Thermionic Emission in Artificially Structured Single-Crystalline Elemental Metal/Compound Semiconductor Superlattices

Metal/semiconductor superlattices represent a fascinating frontier in materials science and nanotechnology, where alternating layers of metals and semiconductors are precisely engineered at the atomic and nano-scales. Traditionally, epitaxial metal/semiconductor superlattice growth requires constituent materials from the same family, exhibiting identical structural symmetry and low lattice mismatch. Here, beyond this conventional constraint, a novel class of epitaxial lattice-matched metal/semiconductor superlattices is introduced that utilizes refractory hexagonal elemental transition metals and wide-bandgap III-nitride semiconductors. Exemplified by the Hf/AlN superlattices exhibiting coherent layer-by-layer epitaxial growth, cross-plane thermionic emission is observed through current-voltage measurements accomplished for the first time in any metal/semiconductor superlattices.

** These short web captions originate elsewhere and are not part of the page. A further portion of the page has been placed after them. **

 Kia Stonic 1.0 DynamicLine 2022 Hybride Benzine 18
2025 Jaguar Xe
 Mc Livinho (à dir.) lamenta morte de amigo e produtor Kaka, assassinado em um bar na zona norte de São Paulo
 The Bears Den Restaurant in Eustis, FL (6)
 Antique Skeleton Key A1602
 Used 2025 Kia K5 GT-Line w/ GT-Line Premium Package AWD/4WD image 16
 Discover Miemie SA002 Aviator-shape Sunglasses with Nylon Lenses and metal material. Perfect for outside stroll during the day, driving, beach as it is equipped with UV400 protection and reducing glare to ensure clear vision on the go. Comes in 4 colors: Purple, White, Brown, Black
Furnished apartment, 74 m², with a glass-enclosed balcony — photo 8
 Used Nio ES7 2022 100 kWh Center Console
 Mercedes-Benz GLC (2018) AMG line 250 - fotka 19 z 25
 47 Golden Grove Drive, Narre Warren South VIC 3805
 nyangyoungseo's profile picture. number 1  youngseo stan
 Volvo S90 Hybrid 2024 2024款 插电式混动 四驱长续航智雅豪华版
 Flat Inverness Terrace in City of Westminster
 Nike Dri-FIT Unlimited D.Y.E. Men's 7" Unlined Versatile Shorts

Further, thermoreflectance measurements reveal significant enhancement in cross-plane Seebeck coefficients attributed to carrier energy filtering by Schottky barriers. Demonstration of artificially structured elemental-metal/wide-bandgap compound-semiconductor superlattices promises to usher in new fundamental physics studies and cutting-edge applications such as tunable hyperbolic metamaterials, quantum computing, and thermionic-emission-based thermoelectric and thermophotonic energy conversion devices.